Using Dask on Ray with the Ensemble#
Ray is an open-source unified framework for scaling AI and Python applications. Ray provides a scheduler for Dask (dask_on_ray) which allows you to build data analyses using Dask’s collections and execute the underlying tasks on a Ray cluster. Ray can be used on TAPE using the setup shown in the following example.
[1]:
import ray
from ray.util.dask import enable_dask_on_ray, disable_dask_on_ray
from tape import Ensemble
from tape.analysis.structurefunction2 import calc_sf2
context = ray.init()
# Use the Dask config helper to set the scheduler to ray_dask_get globally,
# without having to specify it on each compute call.
enable_dask_on_ray()
2024-08-09 19:33:00,958 INFO util.py:154 -- Missing packages: ['ipywidgets']. Run `pip install -U ipywidgets`, then restart the notebook server for rich notebook output.

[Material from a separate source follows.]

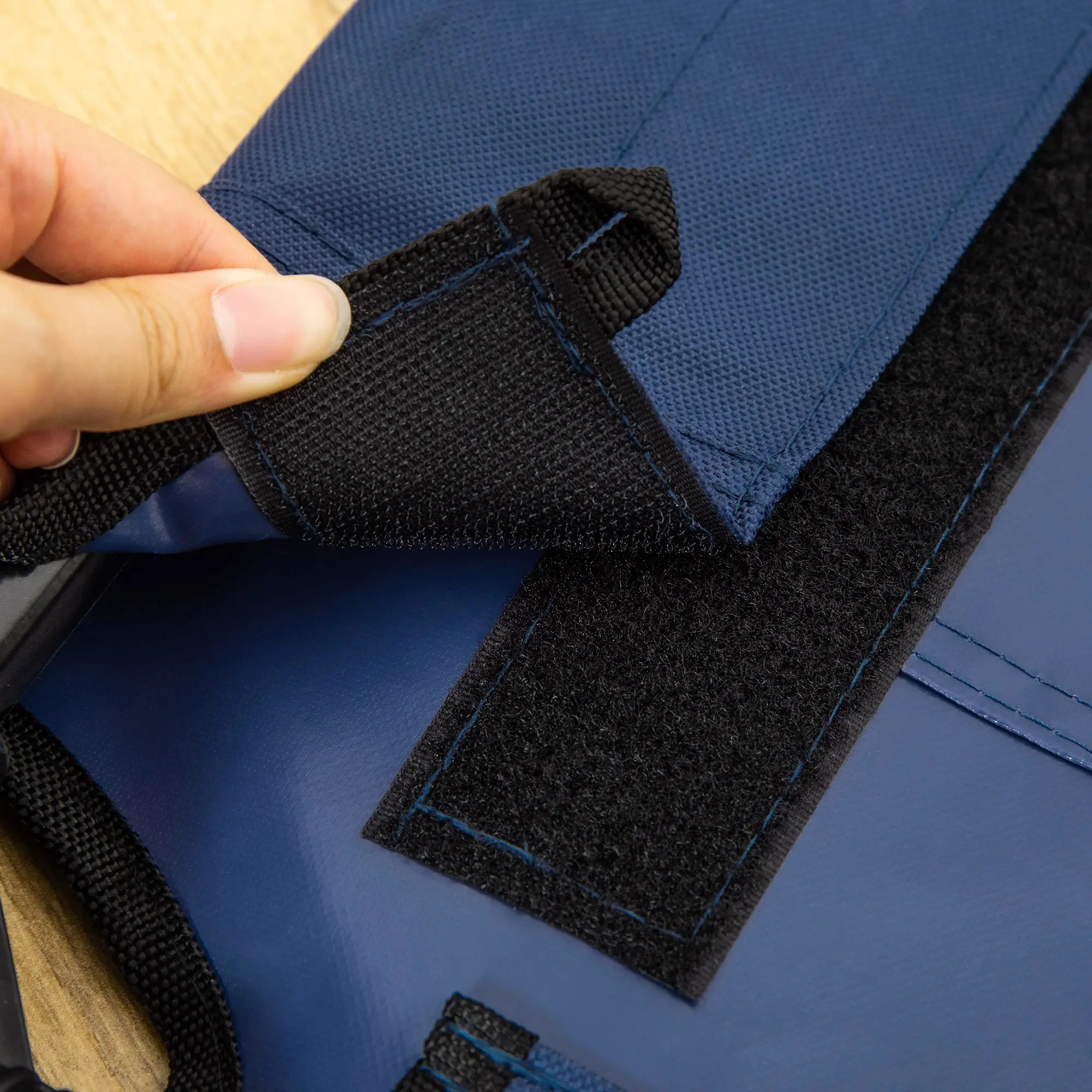 Лежак для собак PawHut D1-0239 (Blue/Black) - 6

2024-08-09 19:33:10,457 WARNING services.py:2017 -- WARNING: The object store is using /tmp instead of /dev/shm because /dev/shm has only 67108864 bytes available. This will harm performance! You may be able to free up space by deleting files in /dev/shm. If you are inside a Docker container, you can increase /dev/shm size by passing '--shm-size=1.89gb' to 'docker run' (or add it to the run_options list in a Ray cluster config). Make sure to set this to more than 30% of available RAM.
2024-08-09 19:33:11,508 INFO worker.py:1781 -- Started a local Ray instance.

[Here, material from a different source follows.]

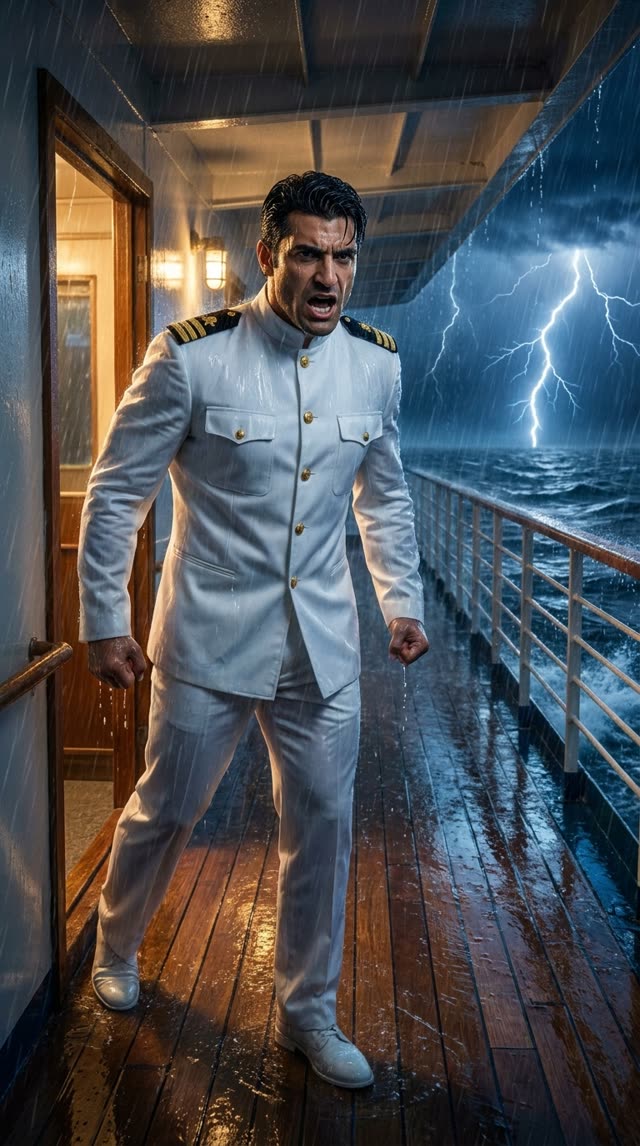 Scene 10 - The Storm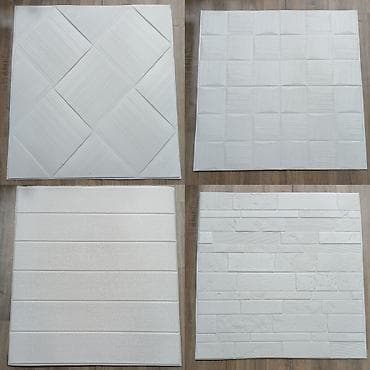 divar paneli: 3D Panel dekor divar kagızının üstünlükləri. 1.Ekonomikdir. 2 — 6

/home/docs/checkouts/readthedocs.org/user_builds/tape/envs/latest/lib/python3.10/site-packages/dask/config.py:789: FutureWarning: Dask configuration key 'shuffle' has been deprecated; please use 'dataframe.shuffle.algorithm' instead
warnings.warn(
[1]:
<dask.config.set at 0x7f26dd506e60>
We import ray, and just need to invoke two commands. context = ray.init() starts a local ray cluster, and we can use this context object to retrieve the url of the ray dashboard, as shown below. enable_dask_on_ray() is a dask configuration function that sets up all Dask work to use the established Ray cluster.
[2]:
print(context.dashboard_url)
For TAPE, the only needed change is to specify client=False when initializing an Ensemble object. Because the Dask configuration has been set, the Ensemble will automatically use the established Ray cluster.
[3]:
ens = Ensemble(client=False) # Do not use a client
From here, we are free to work with TAPE as normal.
[4]:
ens.from_dataset("s82_qso", sorted=True)
ens.source = ens.source.repartition(npartitions=10)
ens.batch(
calc_sf2, use_map=False
) # use_map is false as we repartition naively, splitting per-object sources across partitions
Using generated label, result_1, for a batch result.
[4]:
| lc_id | band | dt | sf2 | 1_sigma | |
|---|---|---|---|---|---|
| npartitions=10 | |||||
| 70 | int64 | object | float64 | float64 | float64 |
| 406146 | ... | ... | ... | ... | ... |
| ... | ... | ... | ... | ... | ... |
| 5509561 | ... | ... | ... | ... | ... |
| 7913279 | ... | ... | ... | ... | ... |